Simulations: Robustness to Noise. Figure 1 shows the MSE between the ground truth tensor in central voxel and the interpolated tensor from noisy neighbors, with increasing amount of noise. For all metrics, interpolation in Bayes space performs uniformly better in terms of robustness to MRI-induced noise for recovering microstructural parameters. The MSE curves for the three Bayes spaces that give increasing importance to the reference measure (from Bayes10 to Bayes30) reveals that even when we trust mostly the data (Bayes10), interpolation in Bayes space is preferable.

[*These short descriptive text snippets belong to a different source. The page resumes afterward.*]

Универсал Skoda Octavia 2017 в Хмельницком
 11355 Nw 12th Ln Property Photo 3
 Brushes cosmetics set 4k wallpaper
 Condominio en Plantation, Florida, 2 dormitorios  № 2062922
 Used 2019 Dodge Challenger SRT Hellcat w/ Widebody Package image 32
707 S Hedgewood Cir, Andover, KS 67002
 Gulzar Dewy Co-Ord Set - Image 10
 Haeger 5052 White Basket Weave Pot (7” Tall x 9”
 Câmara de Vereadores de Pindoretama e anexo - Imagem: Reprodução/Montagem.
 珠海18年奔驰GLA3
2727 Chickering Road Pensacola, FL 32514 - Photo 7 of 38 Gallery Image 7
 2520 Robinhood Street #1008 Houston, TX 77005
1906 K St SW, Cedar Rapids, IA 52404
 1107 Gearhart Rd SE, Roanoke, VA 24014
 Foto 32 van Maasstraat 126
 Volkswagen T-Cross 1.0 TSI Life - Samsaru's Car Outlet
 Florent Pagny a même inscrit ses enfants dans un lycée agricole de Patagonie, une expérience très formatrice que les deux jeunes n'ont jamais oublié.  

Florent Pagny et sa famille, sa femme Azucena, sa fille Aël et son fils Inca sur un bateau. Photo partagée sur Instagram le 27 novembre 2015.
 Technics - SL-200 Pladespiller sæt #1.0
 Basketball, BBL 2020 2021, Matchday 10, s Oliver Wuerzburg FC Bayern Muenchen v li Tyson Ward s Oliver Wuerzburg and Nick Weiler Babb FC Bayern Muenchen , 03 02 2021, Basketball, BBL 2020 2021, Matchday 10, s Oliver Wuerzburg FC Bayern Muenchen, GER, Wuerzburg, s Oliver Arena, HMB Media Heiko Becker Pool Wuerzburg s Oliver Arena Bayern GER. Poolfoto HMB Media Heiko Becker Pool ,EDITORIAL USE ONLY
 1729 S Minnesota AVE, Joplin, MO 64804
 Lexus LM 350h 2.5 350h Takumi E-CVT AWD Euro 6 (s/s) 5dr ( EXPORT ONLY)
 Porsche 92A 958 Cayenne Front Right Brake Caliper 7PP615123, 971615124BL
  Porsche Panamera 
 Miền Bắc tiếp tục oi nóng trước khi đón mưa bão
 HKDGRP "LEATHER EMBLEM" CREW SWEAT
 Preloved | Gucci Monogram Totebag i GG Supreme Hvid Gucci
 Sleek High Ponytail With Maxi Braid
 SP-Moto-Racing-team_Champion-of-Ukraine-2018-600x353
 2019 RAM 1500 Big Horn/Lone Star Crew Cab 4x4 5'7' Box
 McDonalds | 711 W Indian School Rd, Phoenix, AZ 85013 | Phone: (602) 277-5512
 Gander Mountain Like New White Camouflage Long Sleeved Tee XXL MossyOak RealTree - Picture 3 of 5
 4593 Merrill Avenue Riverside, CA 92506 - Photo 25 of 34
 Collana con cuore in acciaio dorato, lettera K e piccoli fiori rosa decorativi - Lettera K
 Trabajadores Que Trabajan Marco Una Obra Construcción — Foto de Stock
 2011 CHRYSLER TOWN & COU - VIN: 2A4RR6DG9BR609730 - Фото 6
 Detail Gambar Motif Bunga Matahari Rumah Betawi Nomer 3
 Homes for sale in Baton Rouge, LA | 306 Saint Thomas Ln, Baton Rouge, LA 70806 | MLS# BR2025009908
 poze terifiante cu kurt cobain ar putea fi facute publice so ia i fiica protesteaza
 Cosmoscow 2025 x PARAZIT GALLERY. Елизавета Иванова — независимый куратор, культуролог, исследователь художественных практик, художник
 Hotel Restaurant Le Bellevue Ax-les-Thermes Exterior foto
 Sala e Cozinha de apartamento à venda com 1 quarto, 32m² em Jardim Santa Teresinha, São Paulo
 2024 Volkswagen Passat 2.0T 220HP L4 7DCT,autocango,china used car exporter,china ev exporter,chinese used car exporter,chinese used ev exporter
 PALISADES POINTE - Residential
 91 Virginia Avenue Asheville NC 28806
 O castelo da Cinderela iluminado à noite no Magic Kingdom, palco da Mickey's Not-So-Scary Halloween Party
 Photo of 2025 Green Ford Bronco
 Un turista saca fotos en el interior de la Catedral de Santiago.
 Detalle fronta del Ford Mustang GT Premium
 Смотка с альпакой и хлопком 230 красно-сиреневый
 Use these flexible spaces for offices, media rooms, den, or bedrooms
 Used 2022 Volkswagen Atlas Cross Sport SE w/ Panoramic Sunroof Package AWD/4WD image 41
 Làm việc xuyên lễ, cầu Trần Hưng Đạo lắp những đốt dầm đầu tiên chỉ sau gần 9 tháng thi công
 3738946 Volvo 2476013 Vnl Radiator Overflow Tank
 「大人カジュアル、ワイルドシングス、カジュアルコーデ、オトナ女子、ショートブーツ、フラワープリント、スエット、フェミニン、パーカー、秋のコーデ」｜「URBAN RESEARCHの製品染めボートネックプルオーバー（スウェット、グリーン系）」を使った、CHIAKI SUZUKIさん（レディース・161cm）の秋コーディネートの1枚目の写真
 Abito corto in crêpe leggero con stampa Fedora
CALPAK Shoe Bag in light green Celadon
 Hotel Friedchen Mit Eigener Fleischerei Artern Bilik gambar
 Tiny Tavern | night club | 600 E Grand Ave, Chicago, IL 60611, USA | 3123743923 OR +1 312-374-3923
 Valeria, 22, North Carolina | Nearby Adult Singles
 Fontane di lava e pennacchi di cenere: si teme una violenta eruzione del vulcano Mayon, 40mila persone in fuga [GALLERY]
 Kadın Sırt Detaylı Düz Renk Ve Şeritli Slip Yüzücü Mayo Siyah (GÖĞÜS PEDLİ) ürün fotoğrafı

Case Study: Tractography of the Pyramidal Tract. Figure 2 shows PT reconstruction with increasing number of filtering ROIs (from left to right) for all four methods. First, observe that only methods based on Bayes interpolation (rows 2 and 4) successfully manage to reconstruct streamlines that go through all four ROIs and thus are more likely to belong to the PT. Also, in general, deterministic FACT tractography fails to recover PT streamlines with the traditional log-Euclidean interpolation (rows 1 and 3). This is well documented in the literature on ST-FACT. We hypothesize that MT-FACT has a lot more directional information for tracking but, without prior anatomical knowledge, the FACT algorithm (which stepwise follows the most collinear direction) has no mechanism to channel streamlines into following the PT shape. This explanation is supported by the sequential filtering that shows high streamline variability when filtering only by the corona radiata (1st column, 3rd row) and almost no remaining streamlines at the end of the entire filtering process (4th column, 3rd row). The ST-Bayes method seems to mainly follow the shape of atlas streamlines. This is due to an inherent model mis-specification in most parts of the white matter where the ST model provides an insufficient description of the microstructure and therefore presents an articially low FA which uniformly inflates the weight of the reference measure. Conversely, the MT-Bayes version nicely preserves the PT streamlines after complete filtering without heavy influence of the atlas since the MT model provides an accurate description of the microstructure and thus the interpolated tensor has low FA only when neighboring tensors have heterogeneous orientations.